Why has my Luffa vine produced many flowers
but no loofah?
The most likely cause is a lack of pollination. Bees and other pollinating
insects are needed to produce a good crop. Even with an abundance of
insects only a fraction of the flowers will pollinate. Bees are diverse
and abundant here in the southern Appalachians, yet we only have about a
30% rate of successful flower pollination. Bees are having survival issues
in some parts of the world. Insecticides used near the vines will reduce
the pollinating insects. Hand pollination is an option. Use a cotton swab
to move pollen or pull off a male flower and gently rub the yellow
hair-like structures of the male flower against the middle parts of a
female flower. Another possible cause is a lack of female or male flowers.
Typically a larger single female flower grows on it's own stalk while
clusters of male flowers bloom in sequence nearby on another stalk.
Normally the ratio of female to male flowers ensures a reasonable amount
of pollination. Some plants may not produce enough males or females. The
ratios of fertilizer elements in the soil can affect flower ratios for
luffa and other similar flowering plants. High nitrogen can increase the
number of males while high phosphorous may encourage more females. So if
you are lacking female flowers some additional phosphorous may help.
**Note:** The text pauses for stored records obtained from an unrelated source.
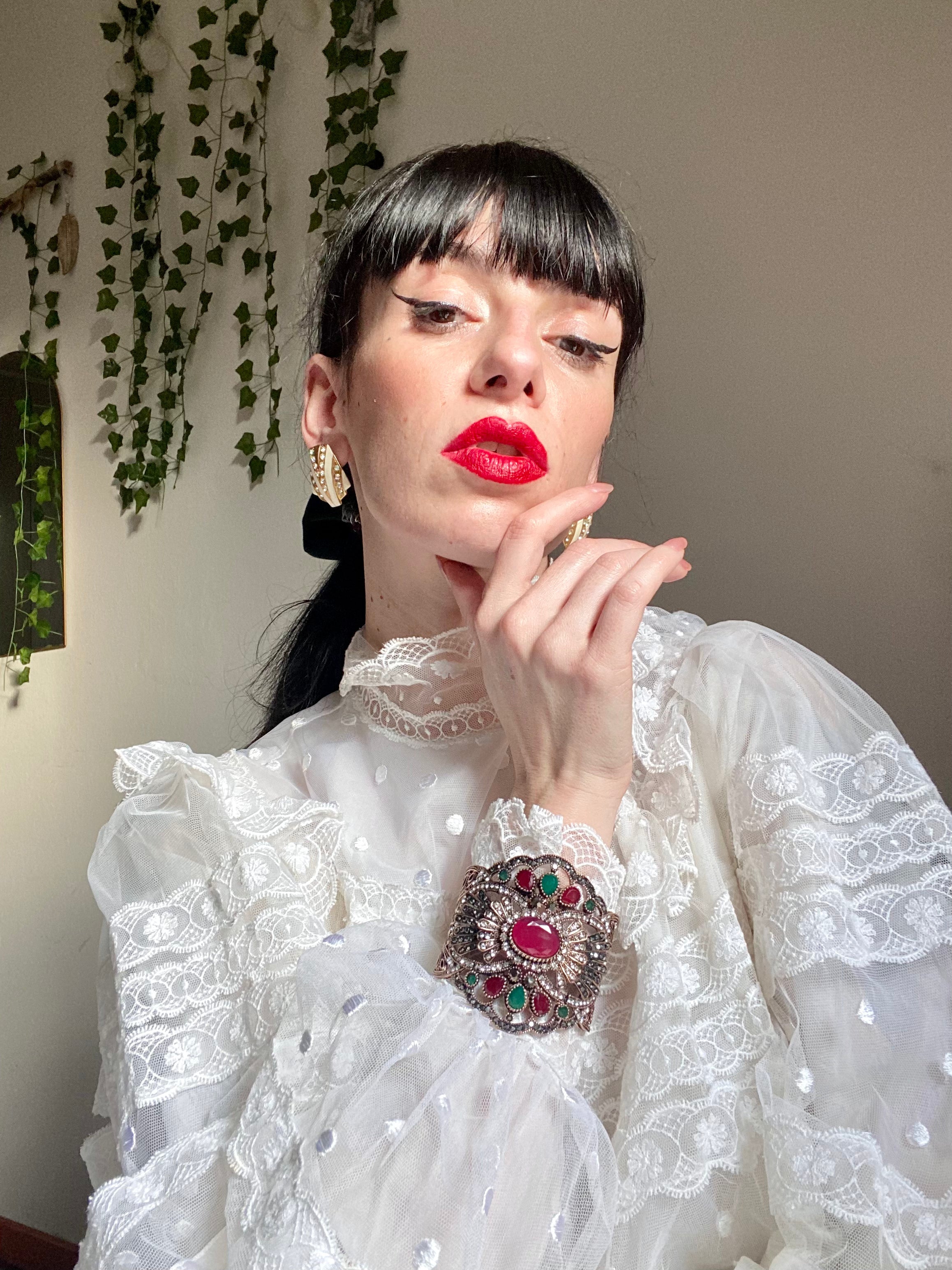 Bracciale rigido etnico con pietre e strass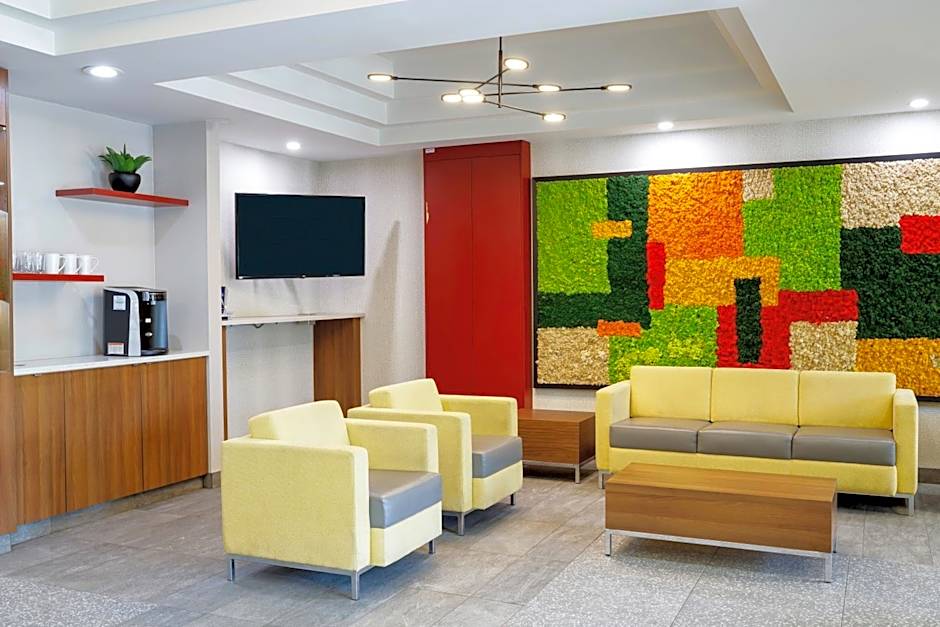 Days Inn & Suites by Wyndham Sherwood Park Edmonton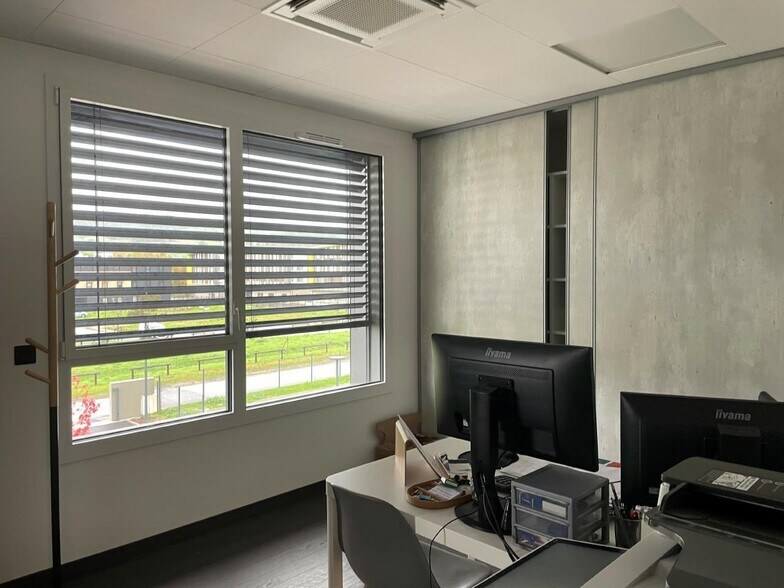 Office in Rumilly for sale - Building Photo - Image 3 of 7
Why are my seeds slow to sprout?
Seed germination is equally dependent on moisture and temperature. If the
seeds are moist but not sprouting then it may be too cold. The soil needs
to be warm, near 70 degrees F (21 C) or warmer. For outdoor soil this
roughly coincides with the local frost free date in spring. If the seeds
have been stored in a hot dry place they may become hard. Hard seeds will
take longer to sprout and may not germinate at all. To speed up
germination of any seeds, wrap them in a wet towel in a warm place for a
day or two before planting. You want just enough water to keep the seeds
moist and humid but still allow air in. Even under ideal conditions some
stubborn luffa seeds may take a long time to germinate. Over three weeks
is not unusual. Normally it takes one to two weeks, sometimes less. We
tested seeds that had hardened from being stored in a warm place. They
took 24 days but most finally did germinate. Seeds planted in soil that is
too cold or wet often decay without sprouting.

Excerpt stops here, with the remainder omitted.